EXERCISE DESCRIPTION
Beginning with the line that holds "Building Photo - 5770 Bermuda Cir S", copy each line exactly through the end of the entries, but leave the pictures out.

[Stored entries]
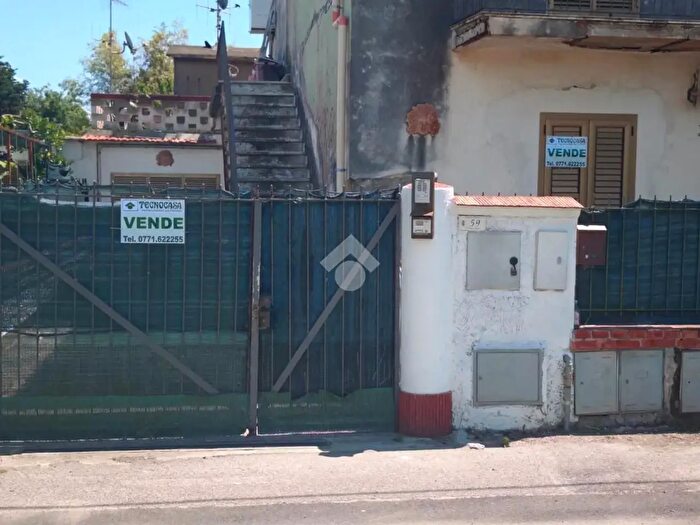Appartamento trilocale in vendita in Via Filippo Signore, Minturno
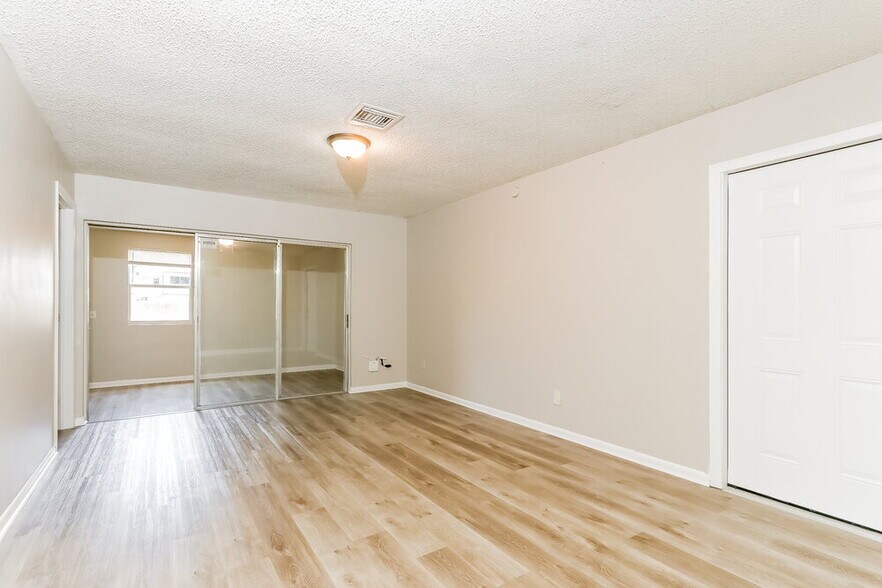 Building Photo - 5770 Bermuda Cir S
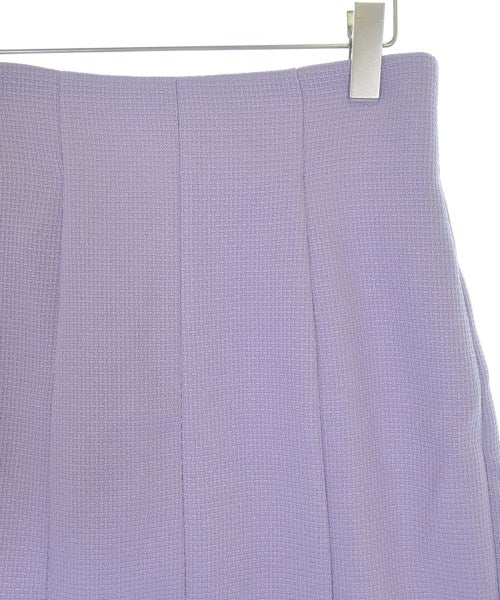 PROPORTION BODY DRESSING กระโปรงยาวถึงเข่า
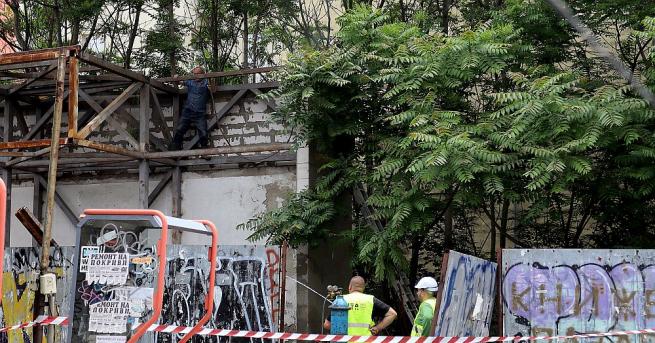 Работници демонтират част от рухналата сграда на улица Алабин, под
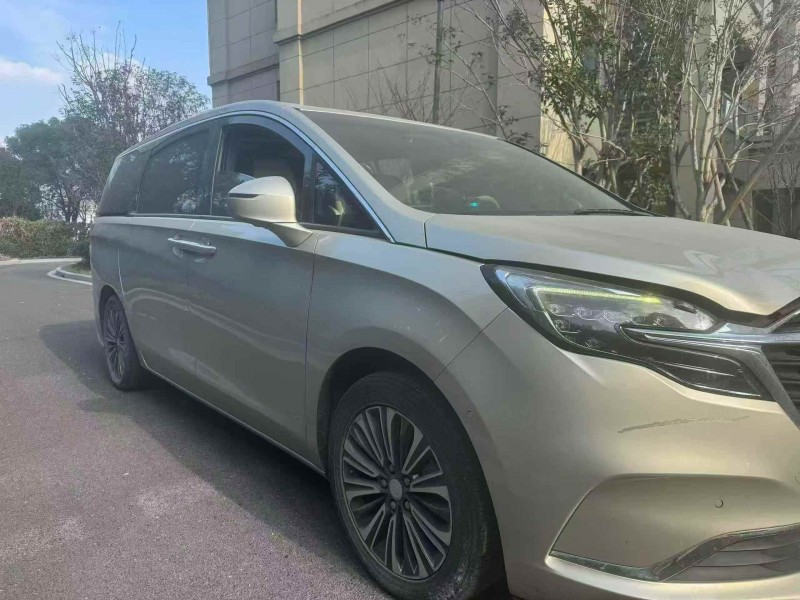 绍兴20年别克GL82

OUTPUT FOR THIS EXERCISE
 Building Photo - 5770 Bermuda Cir S
 PROPORTION BODY DRESSING กระโปรงยาวถึงเข่า
 Работници демонтират част от рухналата сграда на улица Алабин, под
 绍兴20年别克GL82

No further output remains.